International Journal of Mathematics and Mathematical Sciences
Volume 8 (1985), Issue 1, Pages 69-74
doi:10.1155/S0161171285000060
Abstract
An m-dimensional locally conformal Kähler manifold (l.c.K-manifold) is characterized as a Hermitian manifold admitting a global closed l-form αλ (called the Lee form) whose structure (Fμλ,gμλ) satisfies ∇νFμλ=−βμgνλ+βλgνμ−αμFνλ+αλFνμ, where ∇λ denotes the covariant differentiation with respect to the Hermitian metric gμλ, βλ=−Fλϵαϵ, Fμλ=Fμϵgϵλ and the indices ν,μ,…,λ run over the range 1,2,…,m.For l. c. K-manifolds, I. Vaisman [4] gave a typical example and T. Kashiwada ([1], [2],[3]) gave a lot of interesting properties about such manifolds.In this paper, we shall study certain properties of l. c. K-space forms. In §2, we shall mainly get the necessary and sufficient condition that an l. c.
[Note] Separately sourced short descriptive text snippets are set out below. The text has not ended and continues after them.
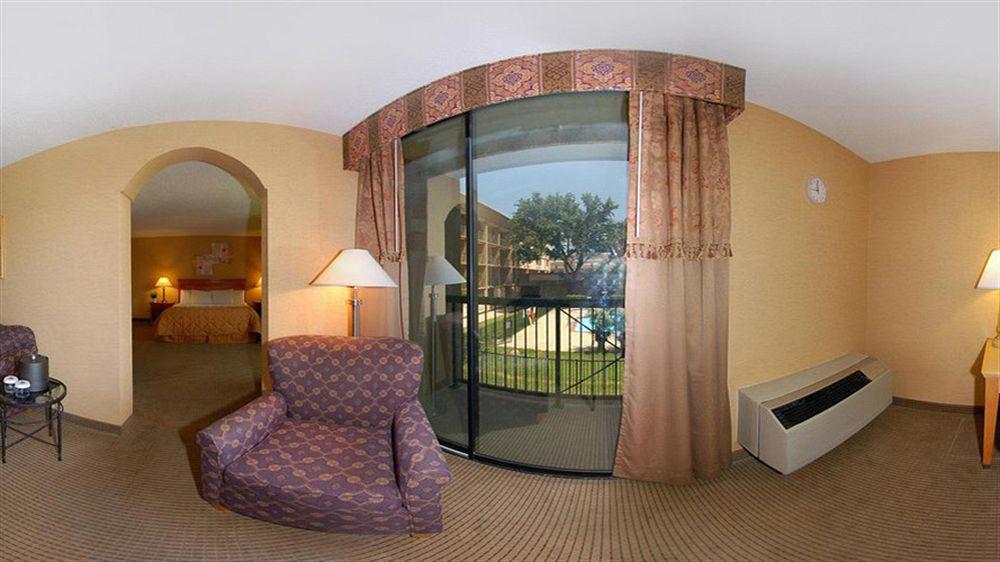 Clarion Hotel Park Central Dallas Exterior photo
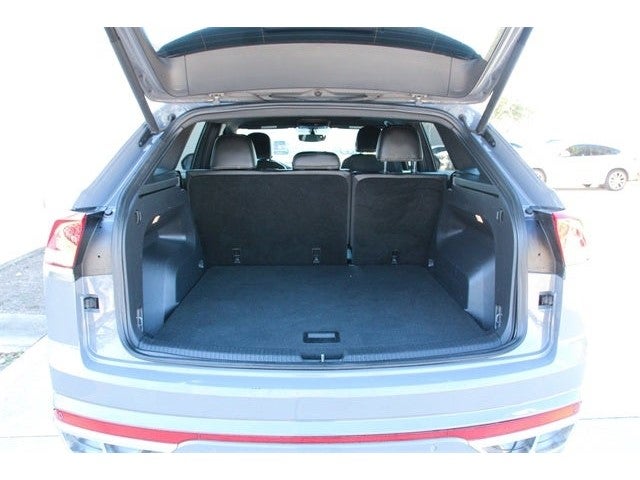 2021 Volkswagen Atlas Cross Sport 3.6L V6 SE w/Technology R-Line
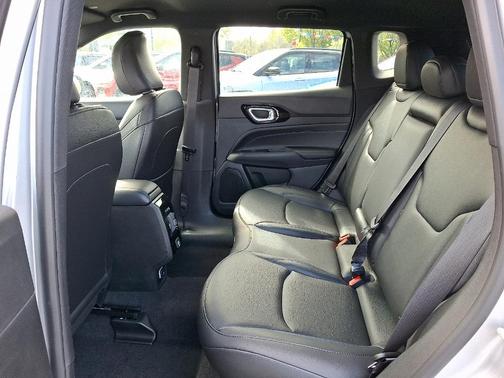 2026 Jeep Compass Limited Altitude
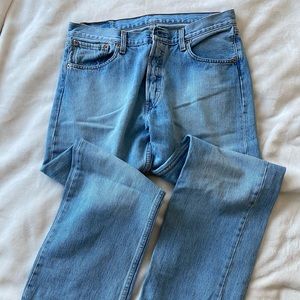 Levi’s light wash jeans W 34 L 32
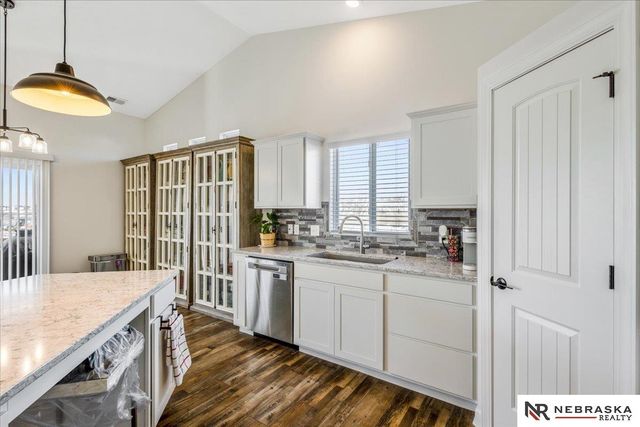 18135 Camden Avenue, Elkhorn, NE 68022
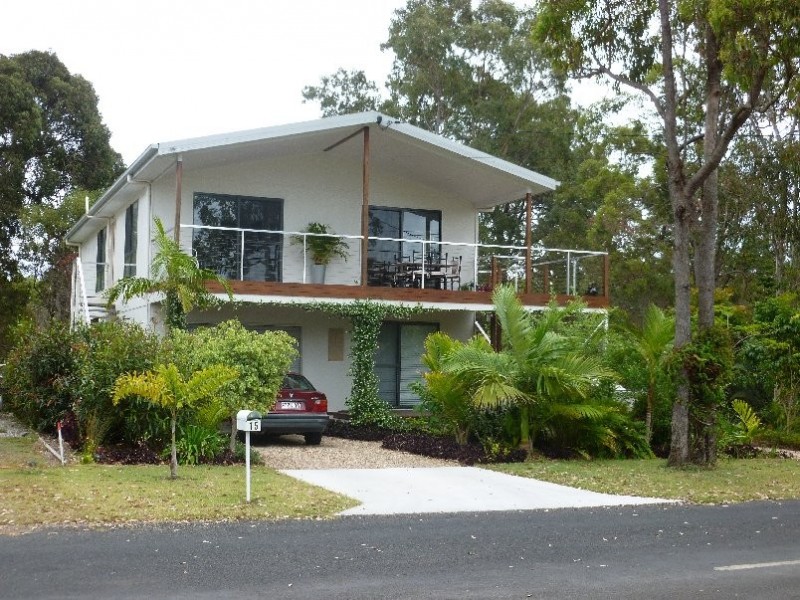 15 ALKIRA STREET, Macleay Island QLD 4184
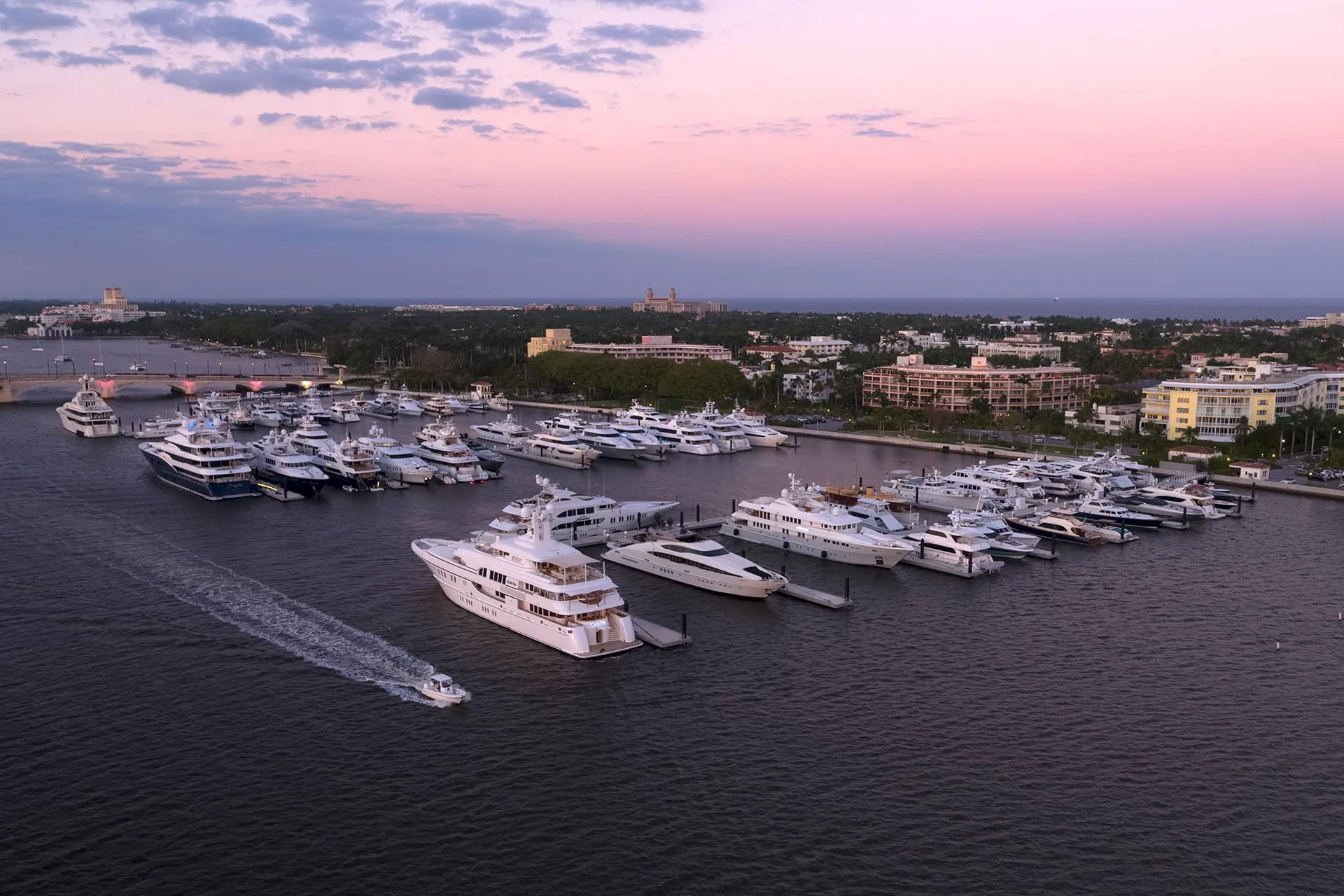 7 Engineering Criteria for Choosing a Commercial Dock Construction Company
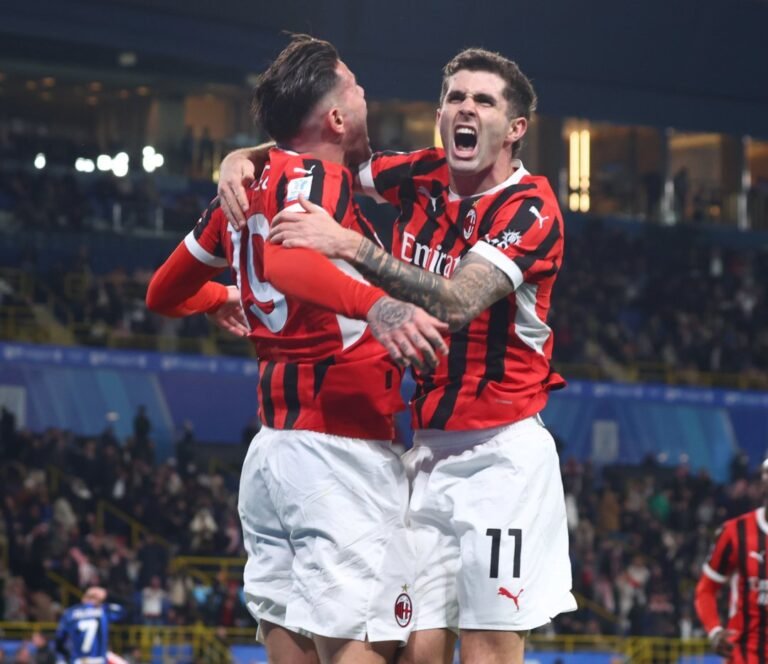 Dos remontadas y un título en ocho días al mando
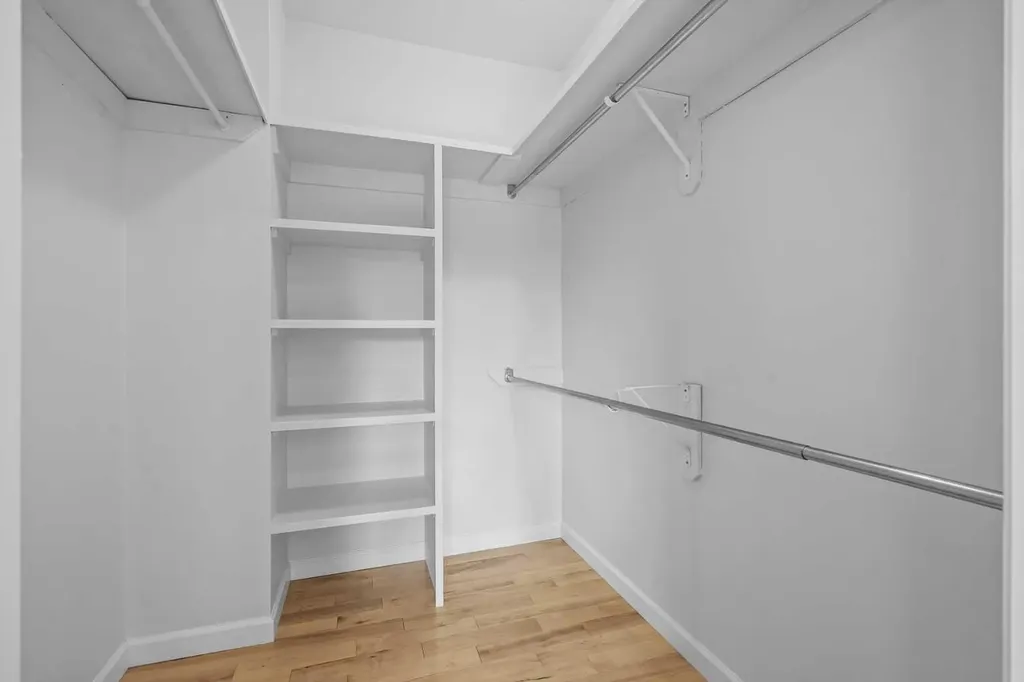 88 Sandringham Close NW Calgary AB T3K 3X1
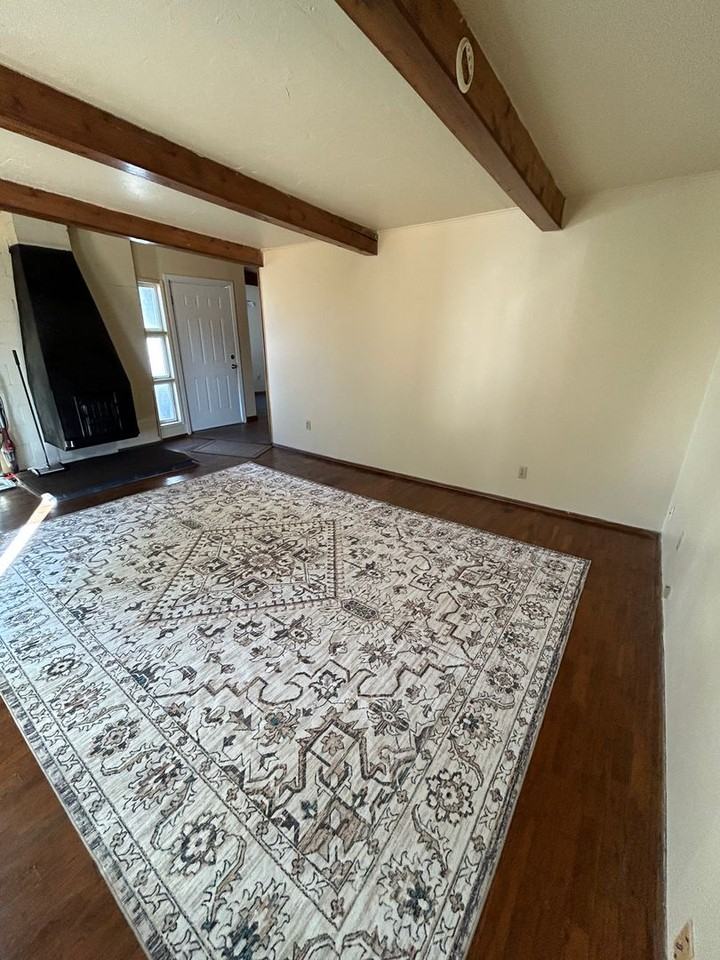 517 W Main St - Photo 3 of 12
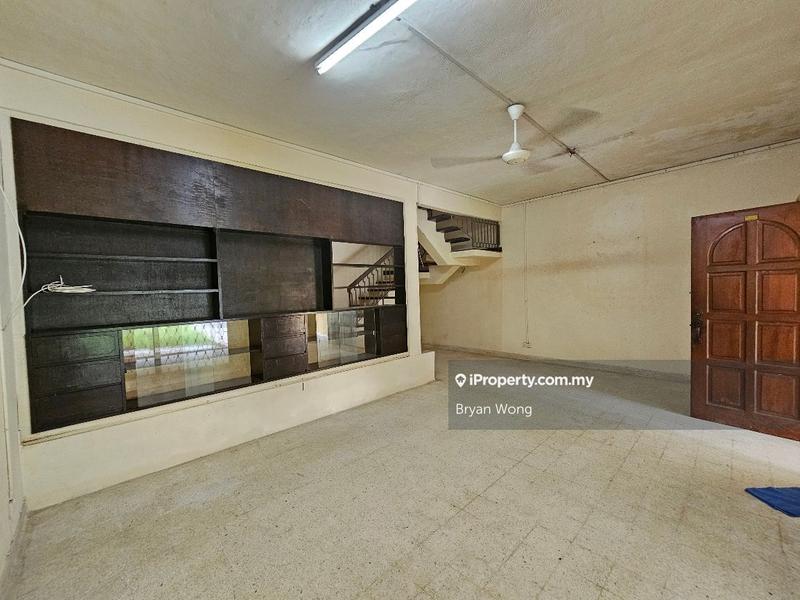 Rumah Teres 2-Tingkat untuk Dijual di SS 21, Damansara Utama, Petaling Jaya oleh Bryan Wong - iProperty.com.my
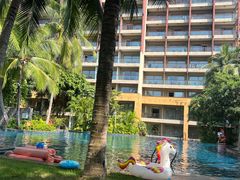 -三亚湾海居铂尔曼度假酒店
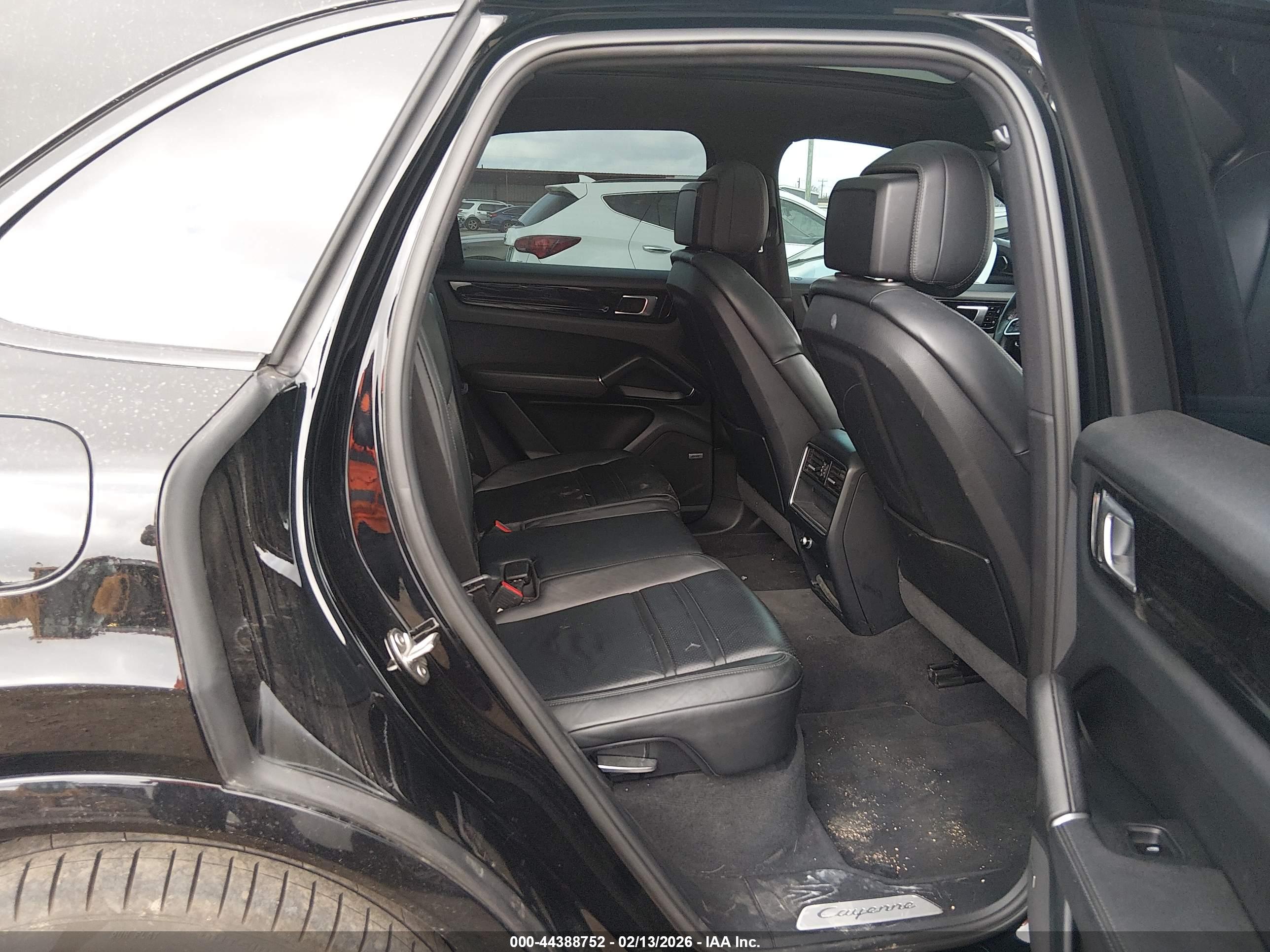 PORSCHE CAYENNE image 8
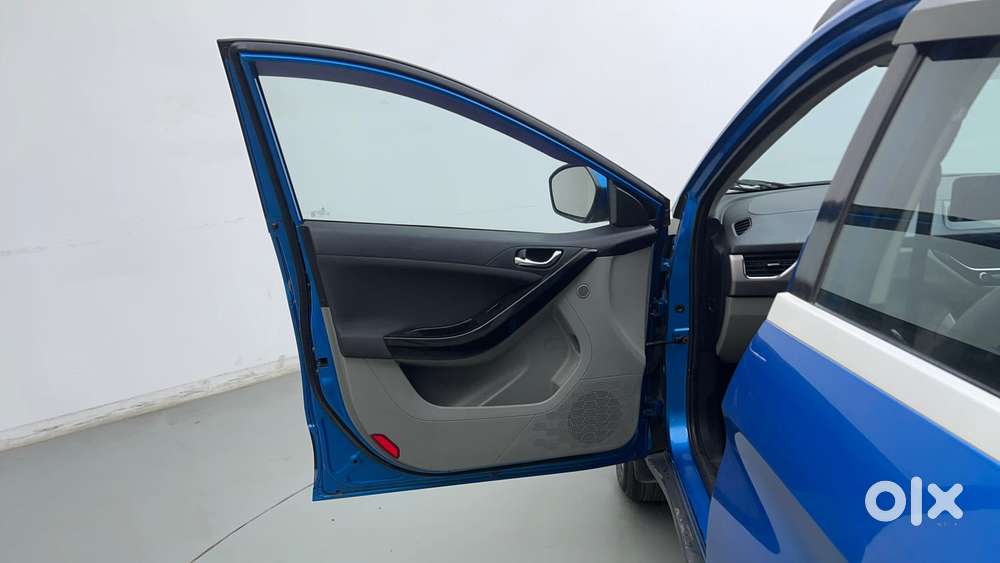 Tata Nexon 1.2 Revotron Xz Plus, 2019, Petrol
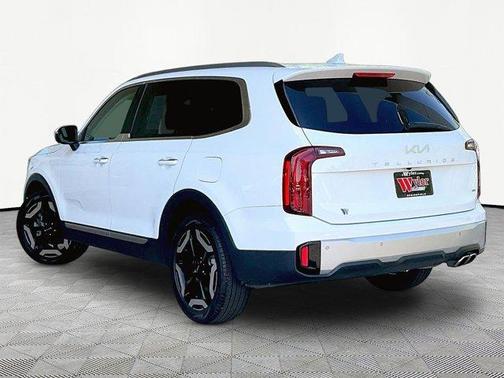 Glacial White Pearl 2023 Kia Telluride S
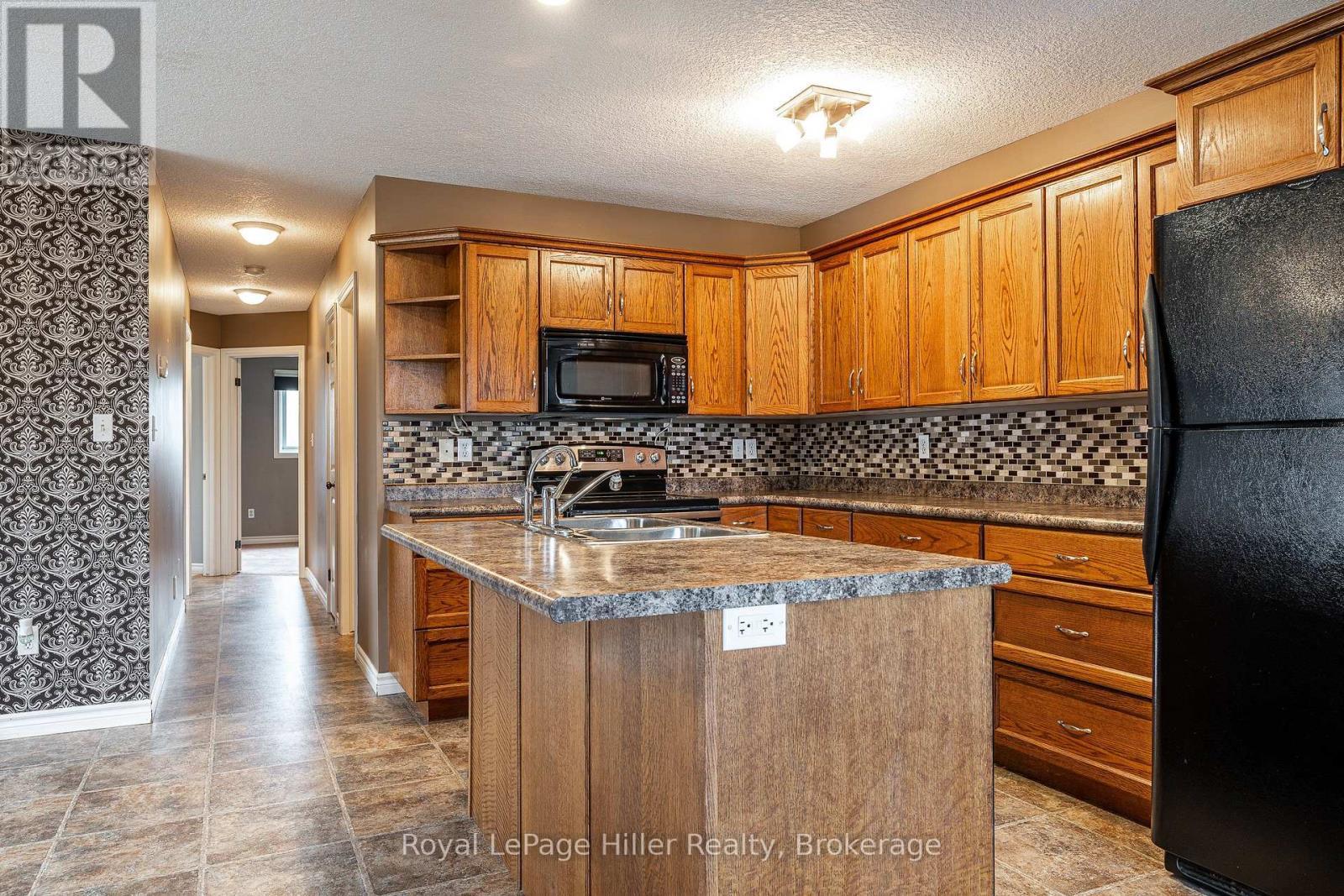 












73 PARK LANE

,
West Perth (Mitchell),




Ontario
N0K1N0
K-space form is an Einstein one and the Riemannian curvature tensor with respect to gμλ will be expressed without the tensor field Pμλ. In §3, we shall get the necessary and sufficient condition that the length of the Lee form is constant and the sufficient condition that a compact l. c. K-space form becomes a complex space form. In the last §4, we shall prove that there does not exist a non-trivial recurrent l. c. K-space form.